ProteinMPNN is a deep learning framework for protein sequence design based on protein backbone structures. The repository contains the implementation code for the ProteinMPNN paper and is primarily composed of Jupyter Notebooks. It enables users to generate novel protein sequences that are compatible with a given three-dimensional protein structure, a task central to computational protein engineering and design applications.
The core functionality is accessed through the main script protein_mpnn_run.py, which initializes and executes the model, supported by utility functions in protein_mpnn_utils.py. The repository provides multiple pre-trained model weights organized by architecture type. Full protein backbone models are available in vanilla_model_weights and soluble_model_weights directories with various version checkpoints. Additionally, CA only models are provided for cases where only alpha-carbon coordinates are available, which can be enabled via the ca_only flag. This flexibility allows users to work with different levels of structural information depending on their input data.
The codebase includes extensive helper scripts for common protein design workflows, such as parsing PDB files, specifying which protein chains should be designed versus kept fixed, constraining specific residue positions, applying amino acid biases, and implementing symmetry constraints through residue tying. The repository demonstrates these capabilities through eight numbered example scripts covering scenarios from simple monomers to multi-chain complexes and homooligomers. Additional examples show how to use the model for scoring only, loading sequences from FASTA files, generating unconditional sequence probabilities similar to position-specific scoring matrices, and incorporating PSSM bias during design.
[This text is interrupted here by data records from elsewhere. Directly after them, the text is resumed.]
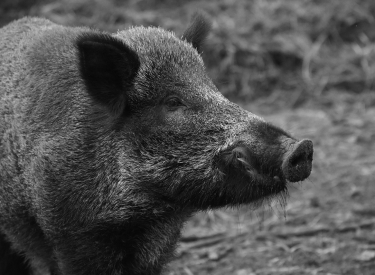 Ein Wildschwein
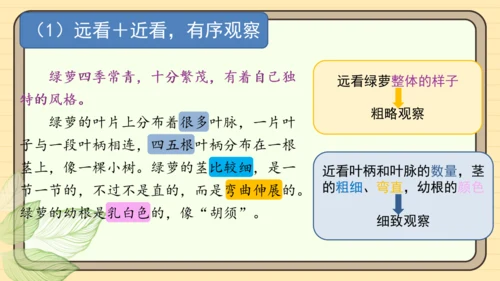 统编版语文三年级下册2024-2025学年度第一单元习作：我的植物朋友（课件）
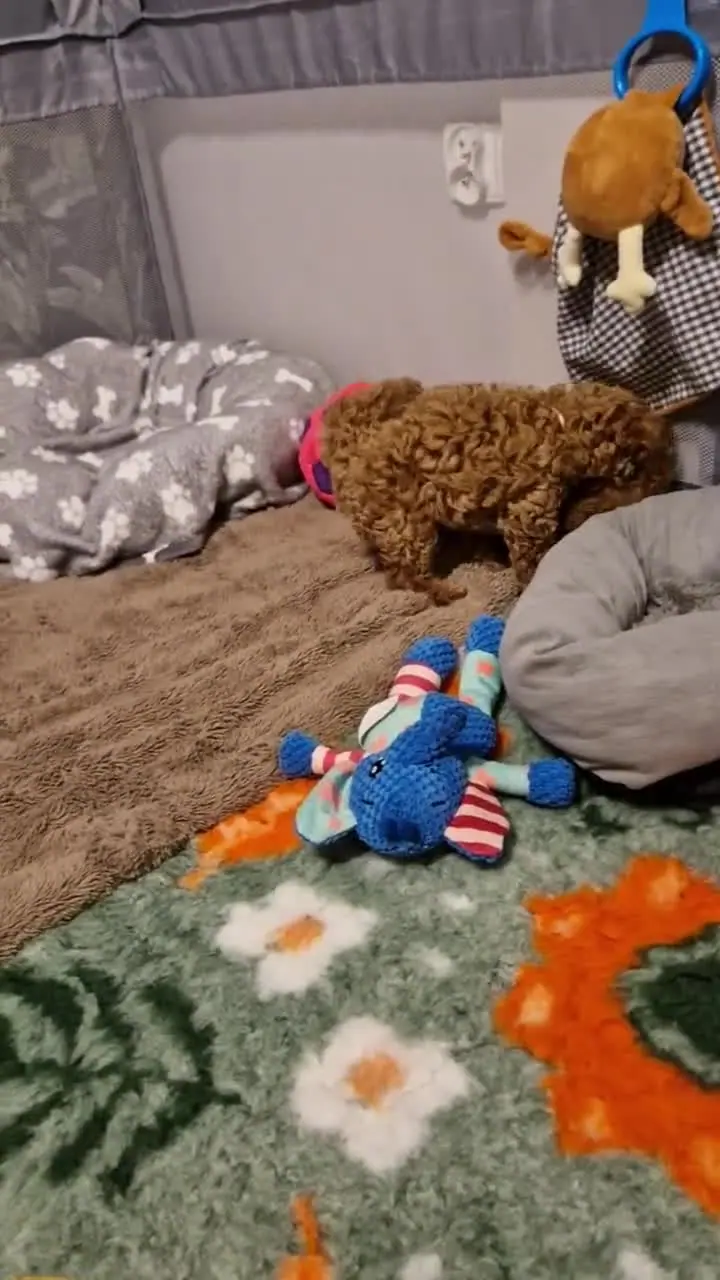 Szczenięta pudla toy i ich zabawki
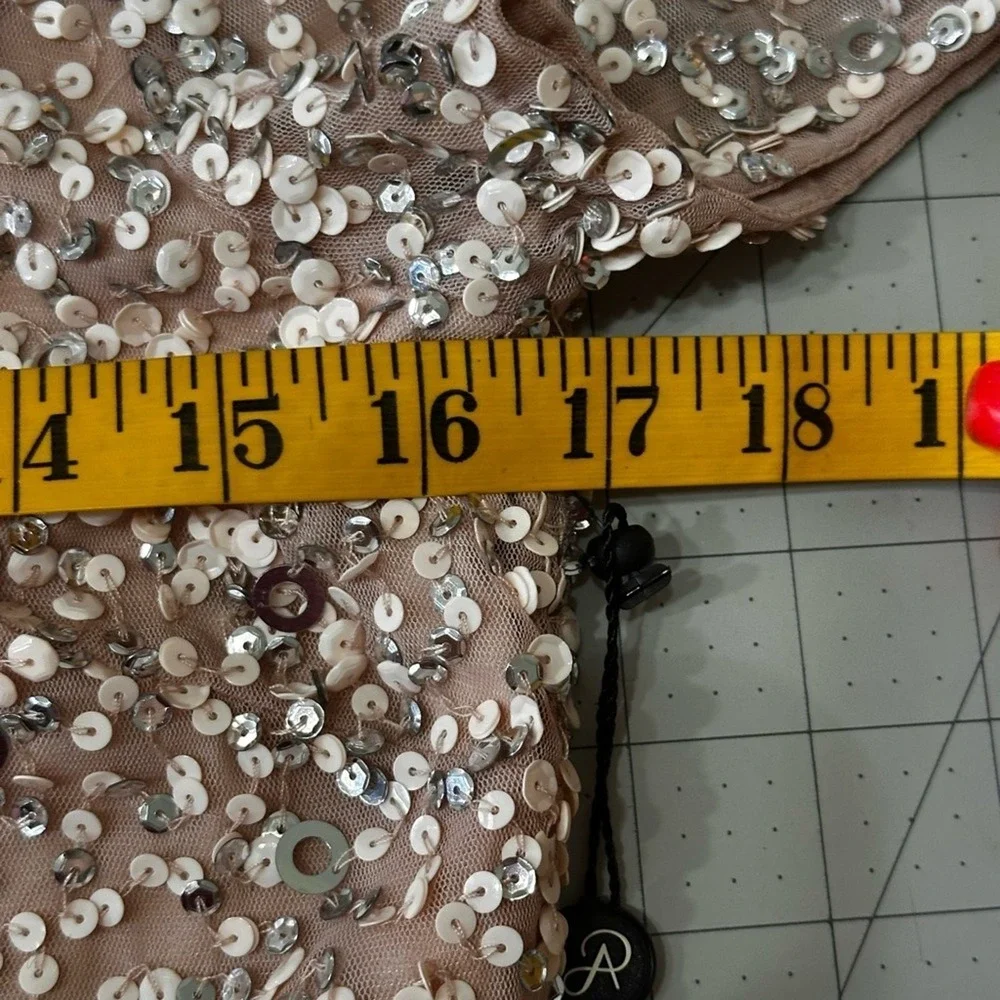 Adrianna Papell Sequin Gown 10 Blush NWT Scoop Back‎ Beaded Evening Dress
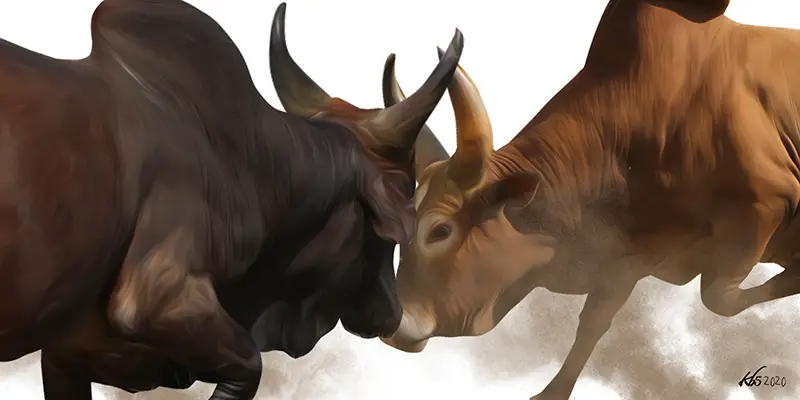 An image of bulls fighting Kenya
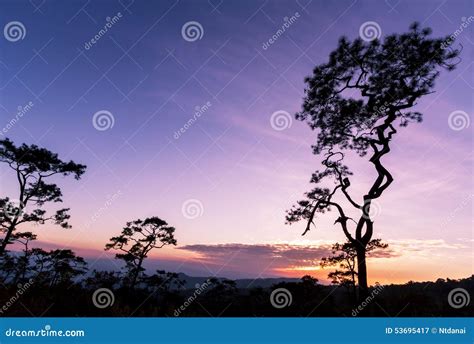 Pine Trees In Silhouette At Sunset Stock Image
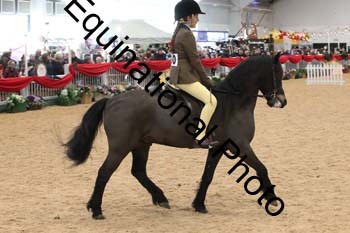 ERB-3992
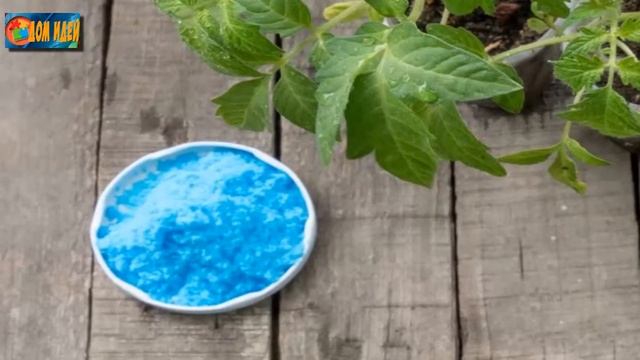 Чем полить грядку для защиты от фитофторы осенью? смотреть онлайн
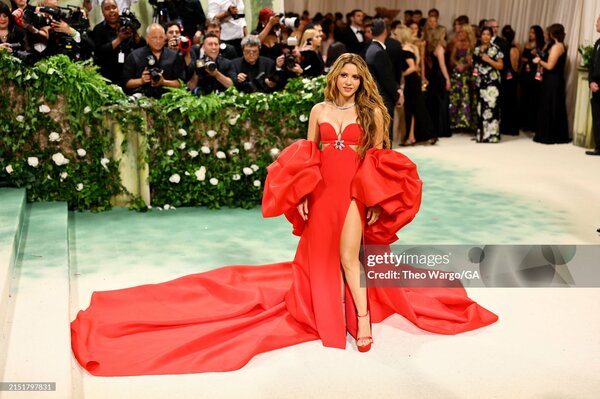met_gala_tagged_286429.jpg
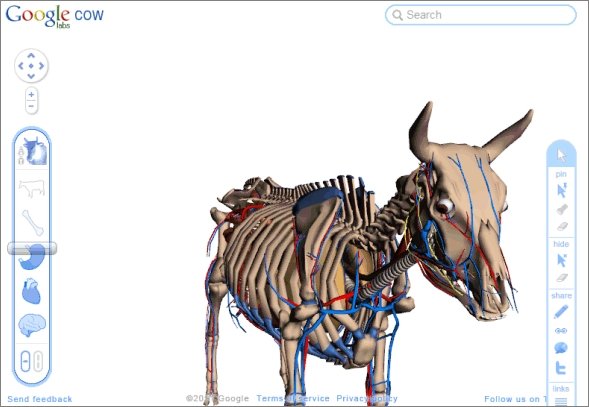  google cow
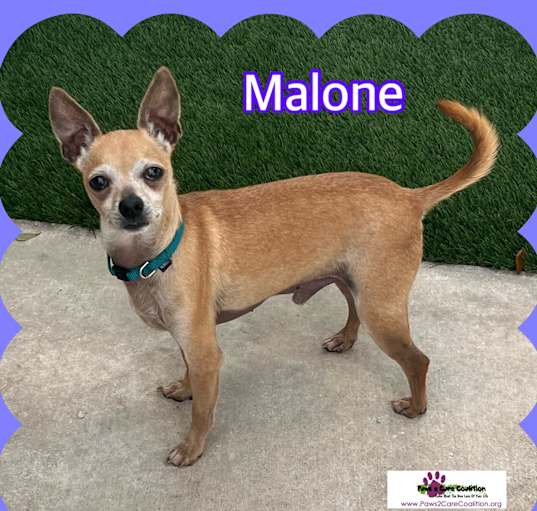 Photo of Malone
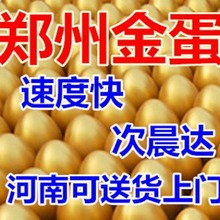 金蛋 各种型号金蛋河南厂家抽奖砸金蛋活动道具12CM15 20厘米包邮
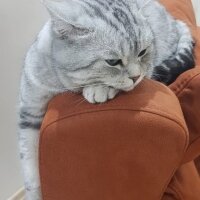 British Shorthair, Kedi  Pamuk fotoğrafı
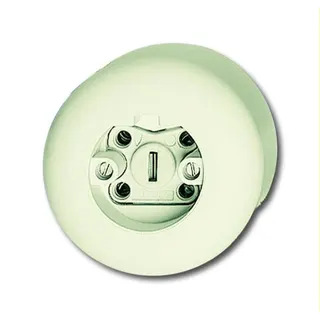 Busch-Jaeger Stecker 2365 JW weiß RAL 1013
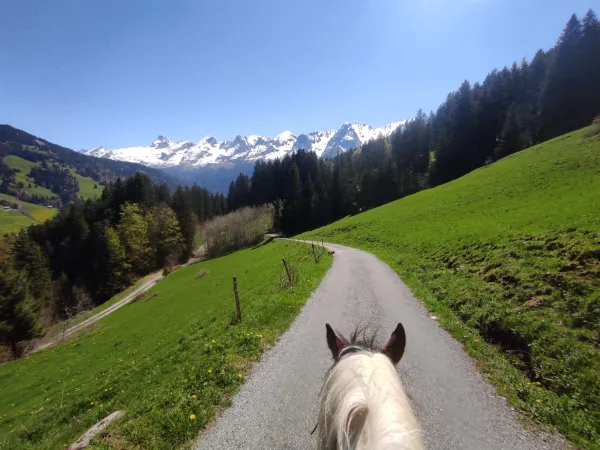 Balade à poney face à la chaîne des Aravis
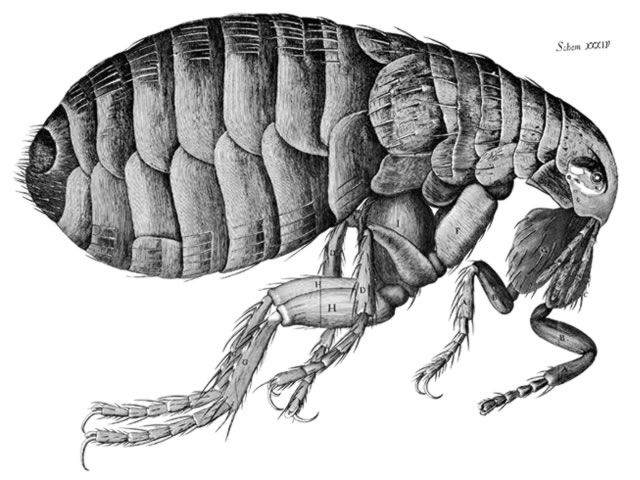 Anatomy of a Flea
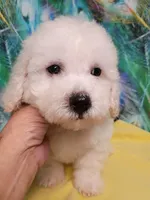 Bichon Boy Ready now !, a male Bichon Frise for sale in Spraggs, PA – 4 of 9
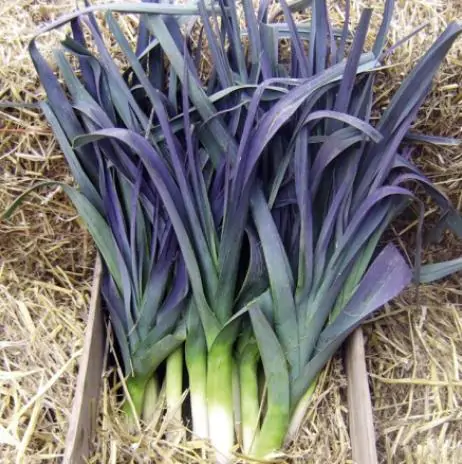 Allium porrum 'St Victor D'Hiver' - Violet Leaf, Leek Saint Victor
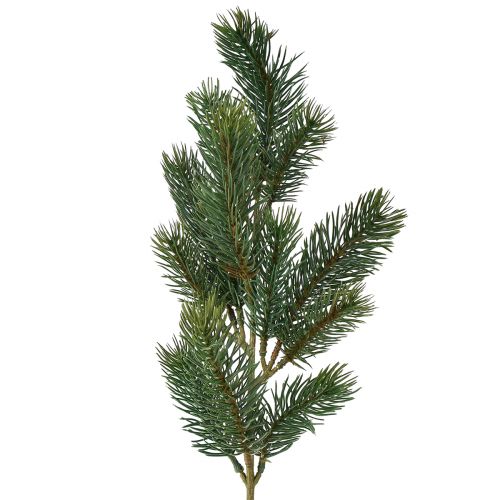 Floristik24 Grangren grøn 50cm 6 stk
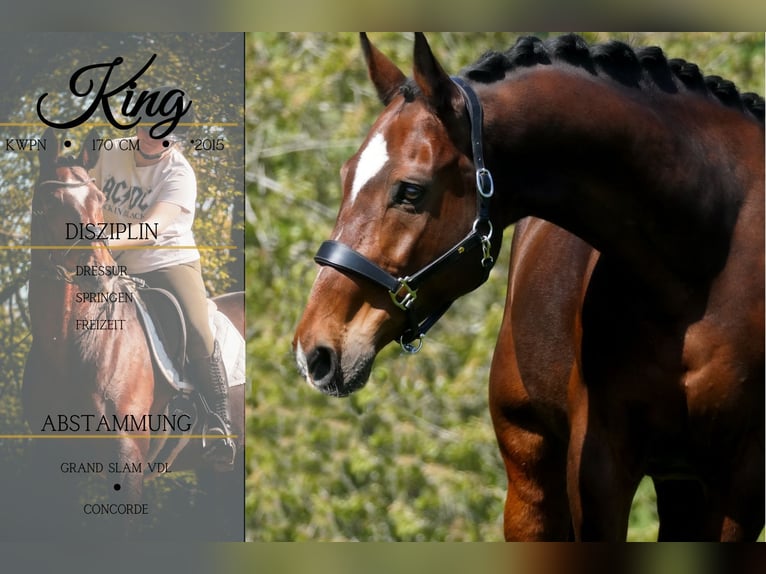 KWPN Gelding 11 years 16.1 hh Brown in Nettersheim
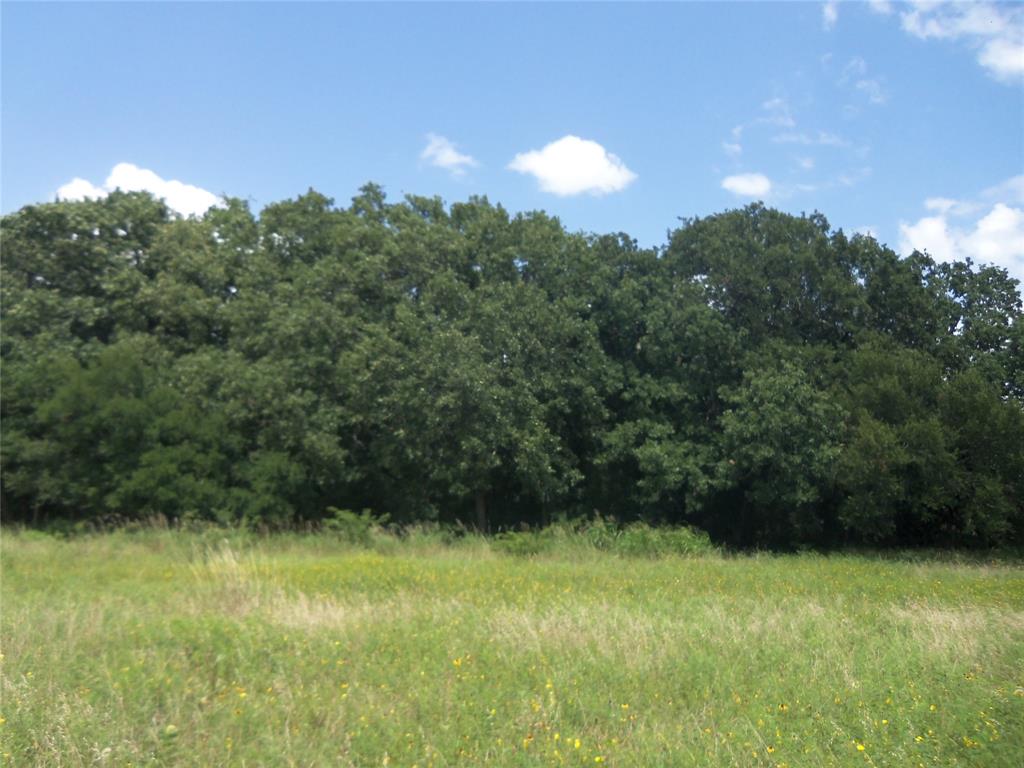 590 Pr 370 Road Hubbard, TX 76648 - Photo 2 of 28 ALL KINDS OF OAK TREES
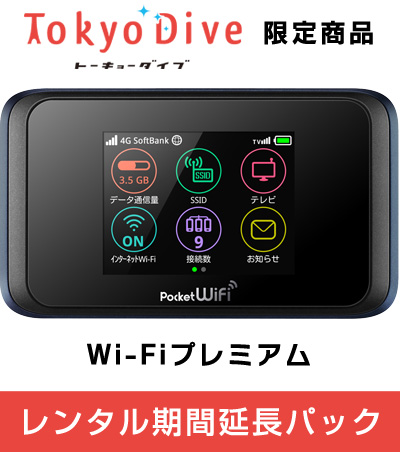 【延長】 SoftBank 501HW　レンタル期間延長パック【Tokyo Dive限定】月間100GB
Installation requires Python 3.0 or higher, PyTorch, and NumPy. The repository provides setup instructions including conda environment creation and PyTorch installation guidance. Output from the model includes multiple metrics: a score representing average negative log probability of designed residues, a global score averaging across all residues, identification of fixed versus designed chains, the model name used, git hash for reproducibility, random seed, sampling temperature, and sample numbering for multiple sequence outputs.
According to GitGenius activity tracking, the repository has moderate engagement with a median issue and pull request response latency of 65.7 hours, though mean latency is substantially higher at 1875.2 hours across 36 tracked items, indicating variable response times. The primary maintainer dauparas has logged 7 events, with roccomoretti and adrienchaton also contributing significantly at 7 and 5 events respectively. The repository shares contributors with other major computational biology projects including google-deepmind/alphafold3, indicating its position within the broader protein structure prediction and design ecosystem. GitGenius classifies the repository across multiple domains including protein design, sequence optimization, neural networks, machine learning, structure prediction, protein engineering, deep learning, bioinformatics, amino acid sequences, and computational biology, reflecting its multidisciplinary nature and relevance to contemporary protein science research.